The reason that professionals care about the curve more than the numbers is that the curve is full of secrets of its own. One of the most interesting secrets is what's called "universality:" it turns out that there is a very small set of shapes, and almost every distribution curve you actually encounter in the world, whether you're measuring the frequency at which people use words, or the time it takes to get through a checkout line, or the number of marmots in a field, turns out to have one of these shapes.
(Or more specifically, real distributions are almost always combinations of these shapes, say a bump of one shape here and a curve of another shape there. That always means that two distinct things are going on, each contributing a single shape, and it can be one of the fastest ways to understand how the system is really working.)

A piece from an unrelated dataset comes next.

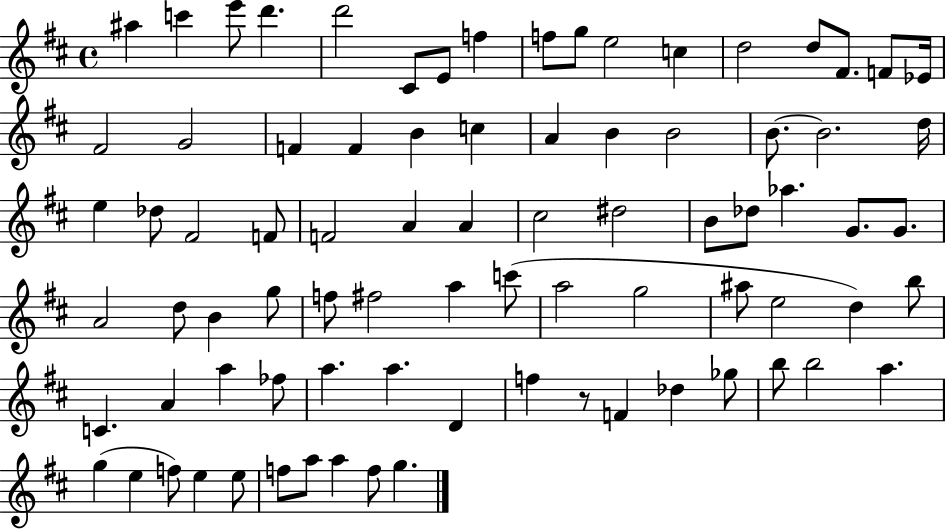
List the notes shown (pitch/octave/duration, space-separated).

Why are distributions more interesting? Apart from being able to read the secrets of their shapes, the problem with just looking at numbers is what they hide. There's an old joke about two guys in a bar in Seattle, grousing about how broke they are, when Bill Gates walks in. One of them pauses for a sec, thinks hard, then jumps up and yells "Drinks are on me, everyone!" His friend asks him, "Are you crazy? I thought you said you were broke!" "No, I just did the math! On the average, everyone in here is a millionaire!"
So let's talk about these shapes a bit more. There are four particularly common shapes. (There are a few others as well, but 99.5% of the time what you see are combinations of these four)
The first is the Gaussian, or bell curve. Gaussians generally happen when there's something that happens roughly the same way every time, and the deviations from that "same way" are completely random and uncorrelated noise. For example, if you measure how long it takes you to walk down the same hallway every day, the distribution curve will probably be a Gaussian. The position of the center of the bell curve tells you the average, and its width tells you how frequent random disruptions are.
The second is the exponential curve. This looks like a sharp spike followed by a decay. (Specifically, a decay shaped like F = e^−(ax), where x is the value that we're measuring, F is the number of times we saw x, and a is a constant) This is most often a sign of queues. For example, if you measure how long it takes to read a small file from a hard disk, and do it over and over again, the frequency distribution of times will look like a Gaussian added to an exponential. Why? Because the time it takes to read from an idle disk is a Gaussian -- there's a random amount of time it takes the head to seek to the right position, and then it takes a constant amount of time to do the reading. However, if the computer is busy, then you have to wait in line before that can start, and it turns out that the distribution of the time it takes to wait in line is almost always an exponential. (That fact is something we regularly use in computing to identify when the problem is that things are getting stuck waiting in line)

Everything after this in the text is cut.